Work to complete: Reproduce exactly the lines of this material that begin at the line with "купить Значок Советские" and end at the line with "(C96) [S Shoten", both included. Omit the pictures and everything else.

=== Entries shown ===

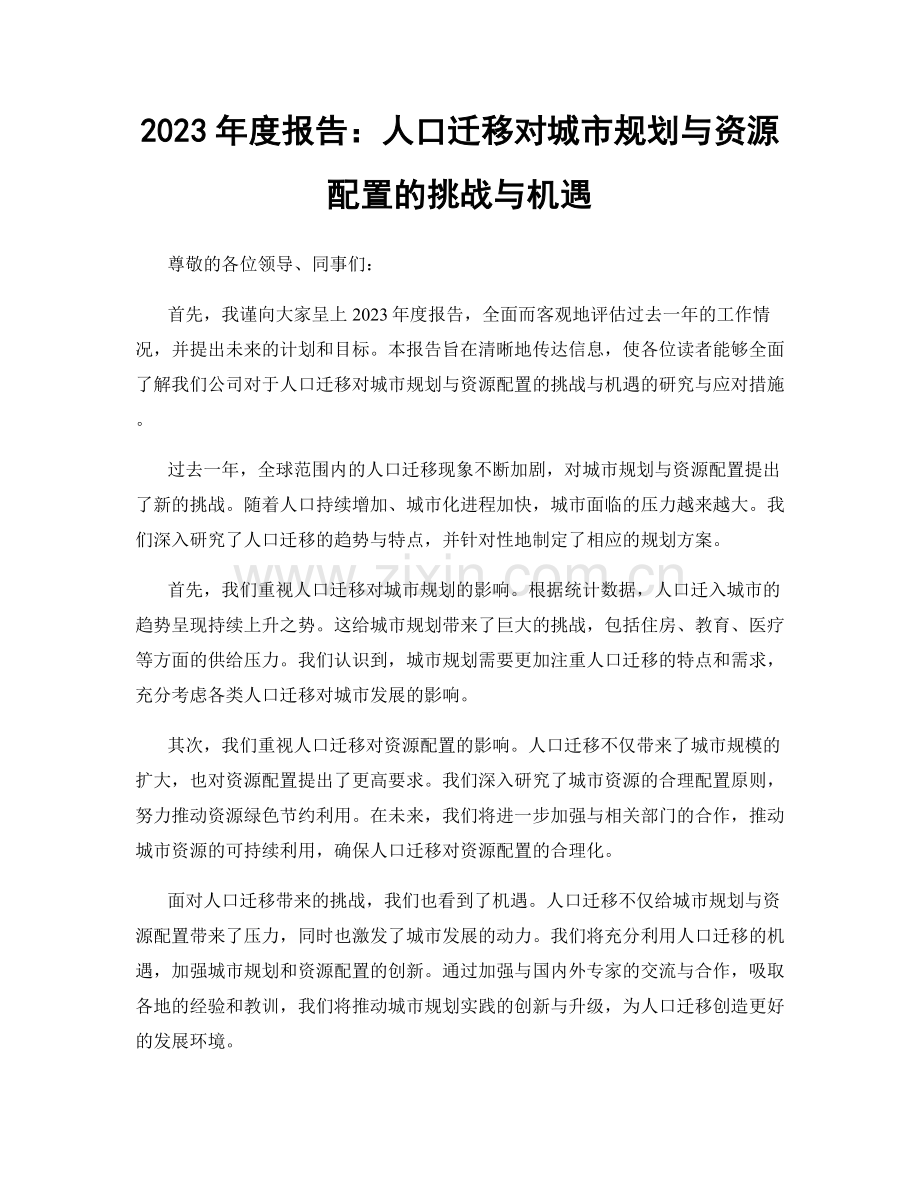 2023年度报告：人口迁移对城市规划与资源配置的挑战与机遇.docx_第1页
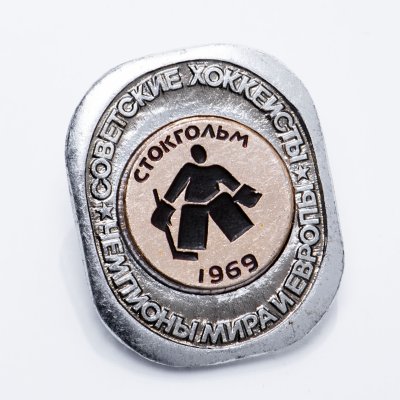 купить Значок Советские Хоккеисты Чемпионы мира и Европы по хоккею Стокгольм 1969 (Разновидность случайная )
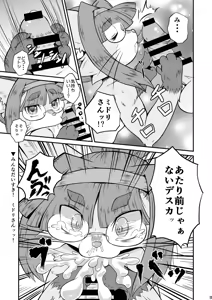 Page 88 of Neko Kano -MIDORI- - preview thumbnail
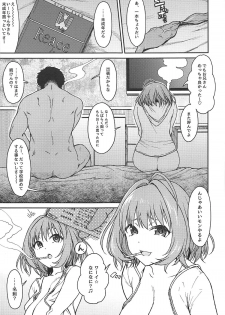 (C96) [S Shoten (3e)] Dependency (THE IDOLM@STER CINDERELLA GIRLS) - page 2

===
=== Entries shown ===

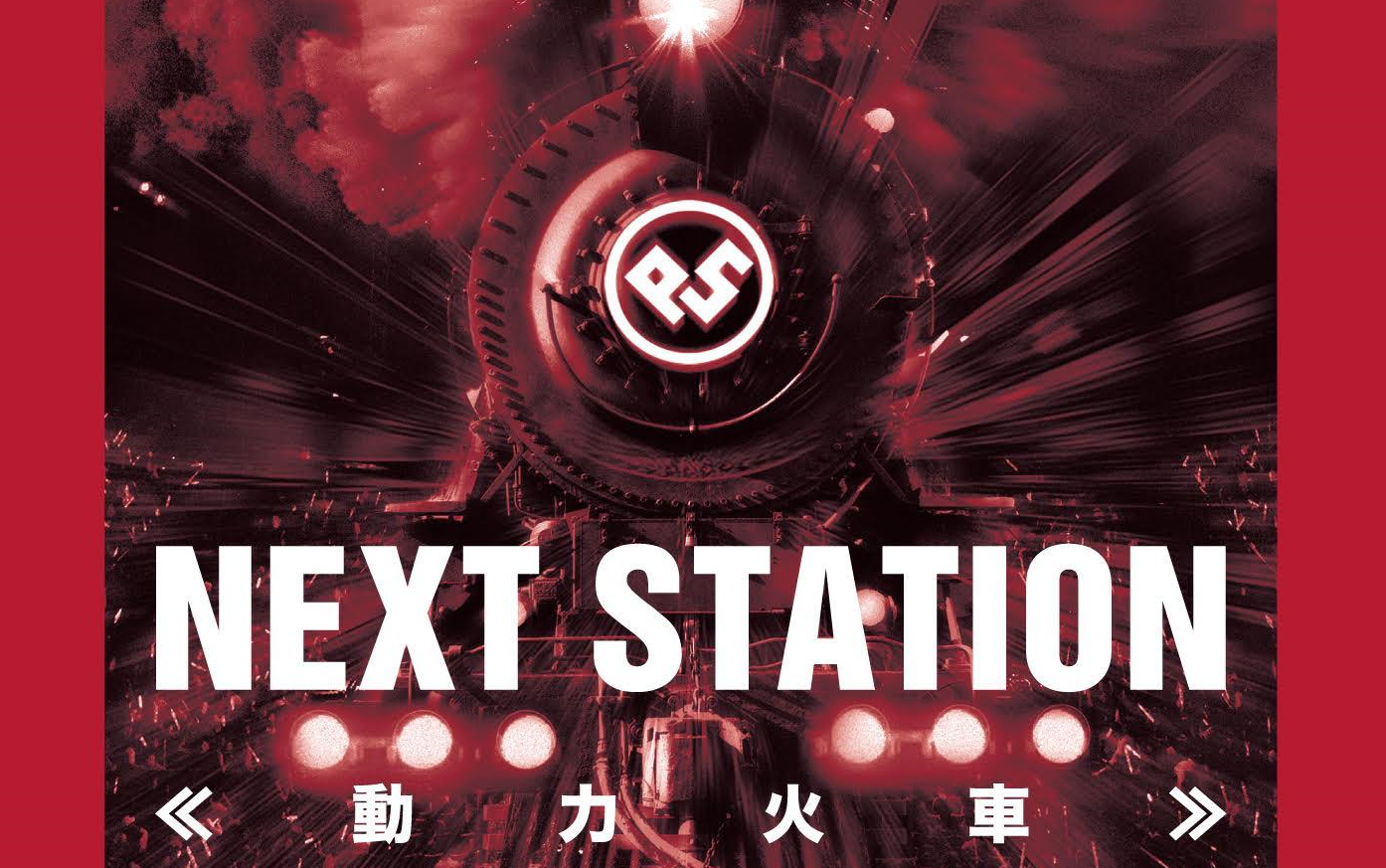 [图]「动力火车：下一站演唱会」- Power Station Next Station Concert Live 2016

===
=== Entries shown ===

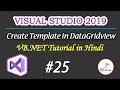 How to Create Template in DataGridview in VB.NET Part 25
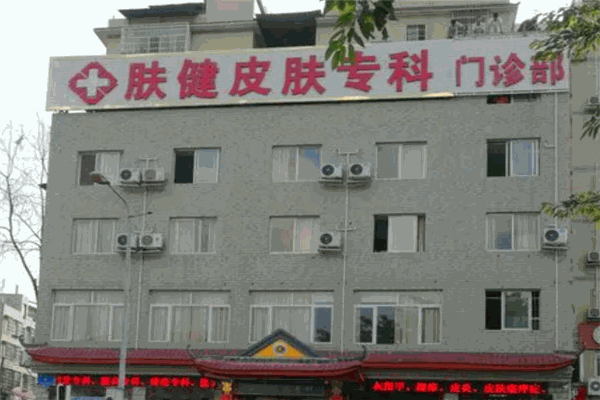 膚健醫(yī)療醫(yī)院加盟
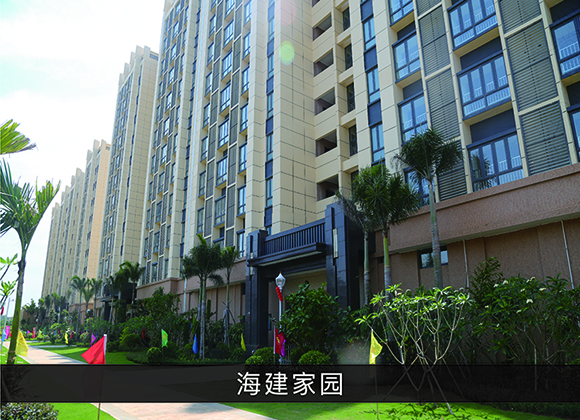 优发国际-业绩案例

===

Expected output:
 купить Значок Советские Хоккеисты Чемпионы мира и Европы по хоккею Стокгольм 1969 (Разновидность случайная )
 Page 88 of Neko Kano -MIDORI- - preview thumbnail
 (C96) [S Shoten (3e)] Dependency (THE IDOLM@STER CINDERELLA GIRLS) - page 2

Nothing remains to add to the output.